Top of SOURCE DATA
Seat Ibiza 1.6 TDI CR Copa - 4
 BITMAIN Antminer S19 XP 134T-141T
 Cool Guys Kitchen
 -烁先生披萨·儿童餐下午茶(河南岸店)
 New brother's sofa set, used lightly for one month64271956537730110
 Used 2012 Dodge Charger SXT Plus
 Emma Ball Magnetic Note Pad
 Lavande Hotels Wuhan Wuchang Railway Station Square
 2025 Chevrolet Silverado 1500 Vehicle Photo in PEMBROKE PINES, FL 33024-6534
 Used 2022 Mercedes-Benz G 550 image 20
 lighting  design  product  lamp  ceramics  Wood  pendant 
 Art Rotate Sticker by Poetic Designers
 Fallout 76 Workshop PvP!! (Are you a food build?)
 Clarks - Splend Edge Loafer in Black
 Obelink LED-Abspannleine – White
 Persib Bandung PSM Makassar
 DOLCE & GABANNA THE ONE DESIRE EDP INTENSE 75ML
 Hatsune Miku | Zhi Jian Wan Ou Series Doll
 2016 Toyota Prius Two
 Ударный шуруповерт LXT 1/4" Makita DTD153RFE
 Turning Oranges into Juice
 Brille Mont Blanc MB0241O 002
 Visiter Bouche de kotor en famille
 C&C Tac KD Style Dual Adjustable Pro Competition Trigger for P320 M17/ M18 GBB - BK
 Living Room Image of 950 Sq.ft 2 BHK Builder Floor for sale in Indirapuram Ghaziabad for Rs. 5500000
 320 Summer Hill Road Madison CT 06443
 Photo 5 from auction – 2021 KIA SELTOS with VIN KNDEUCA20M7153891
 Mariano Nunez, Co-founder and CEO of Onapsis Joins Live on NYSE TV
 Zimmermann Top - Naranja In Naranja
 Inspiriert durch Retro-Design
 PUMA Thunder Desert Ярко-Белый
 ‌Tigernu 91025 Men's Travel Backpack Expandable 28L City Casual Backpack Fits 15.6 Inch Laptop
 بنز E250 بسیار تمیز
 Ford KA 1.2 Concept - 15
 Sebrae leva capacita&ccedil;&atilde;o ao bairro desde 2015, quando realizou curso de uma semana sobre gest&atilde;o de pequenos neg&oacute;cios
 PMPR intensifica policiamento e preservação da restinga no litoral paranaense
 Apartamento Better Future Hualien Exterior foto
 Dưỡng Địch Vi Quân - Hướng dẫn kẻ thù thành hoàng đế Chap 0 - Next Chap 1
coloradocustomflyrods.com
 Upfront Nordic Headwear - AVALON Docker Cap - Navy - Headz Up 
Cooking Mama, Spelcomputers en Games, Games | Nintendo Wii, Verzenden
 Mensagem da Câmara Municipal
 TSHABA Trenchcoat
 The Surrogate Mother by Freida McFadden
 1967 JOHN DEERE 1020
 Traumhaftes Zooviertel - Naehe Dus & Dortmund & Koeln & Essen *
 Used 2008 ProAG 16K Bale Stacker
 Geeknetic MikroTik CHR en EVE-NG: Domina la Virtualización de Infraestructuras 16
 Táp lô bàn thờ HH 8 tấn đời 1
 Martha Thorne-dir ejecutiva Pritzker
Bottom of SOURCE DATA
WORK ITEM: Exactly as written, please transcribe the lines from the start of the records above to the line that holds "coloradocustomflyrods.com", both ends included.

OUTPUT:
Seat Ibiza 1.6 TDI CR Copa - 4
 BITMAIN Antminer S19 XP 134T-141T
 Cool Guys Kitchen
 -烁先生披萨·儿童餐下午茶(河南岸店)
 New brother's sofa set, used lightly for one month64271956537730110
 Used 2012 Dodge Charger SXT Plus
 Emma Ball Magnetic Note Pad
 Lavande Hotels Wuhan Wuchang Railway Station Square
 2025 Chevrolet Silverado 1500 Vehicle Photo in PEMBROKE PINES, FL 33024-6534
 Used 2022 Mercedes-Benz G 550 image 20
 lighting  design  product  lamp  ceramics  Wood  pendant 
 Art Rotate Sticker by Poetic Designers
 Fallout 76 Workshop PvP!! (Are you a food build?)
 Clarks - Splend Edge Loafer in Black
 Obelink LED-Abspannleine – White
 Persib Bandung PSM Makassar
 DOLCE & GABANNA THE ONE DESIRE EDP INTENSE 75ML
 Hatsune Miku | Zhi Jian Wan Ou Series Doll
 2016 Toyota Prius Two
 Ударный шуруповерт LXT 1/4" Makita DTD153RFE
 Turning Oranges into Juice
 Brille Mont Blanc MB0241O 002
 Visiter Bouche de kotor en famille
 C&C Tac KD Style Dual Adjustable Pro Competition Trigger for P320 M17/ M18 GBB - BK
 Living Room Image of 950 Sq.ft 2 BHK Builder Floor for sale in Indirapuram Ghaziabad for Rs. 5500000
 320 Summer Hill Road Madison CT 06443
 Photo 5 from auction – 2021 KIA SELTOS with VIN KNDEUCA20M7153891
 Mariano Nunez, Co-founder and CEO of Onapsis Joins Live on NYSE TV
 Zimmermann Top - Naranja In Naranja
 Inspiriert durch Retro-Design
 PUMA Thunder Desert Ярко-Белый
 ‌Tigernu 91025 Men's Travel Backpack Expandable 28L City Casual Backpack Fits 15.6 Inch Laptop
 بنز E250 بسیار تمیز
 Ford KA 1.2 Concept - 15
 Sebrae leva capacita&ccedil;&atilde;o ao bairro desde 2015, quando realizou curso de uma semana sobre gest&atilde;o de pequenos neg&oacute;cios
 PMPR intensifica policiamento e preservação da restinga no litoral paranaense
 Apartamento Better Future Hualien Exterior foto
 Dưỡng Địch Vi Quân - Hướng dẫn kẻ thù thành hoàng đế Chap 0 - Next Chap 1
coloradocustomflyrods.com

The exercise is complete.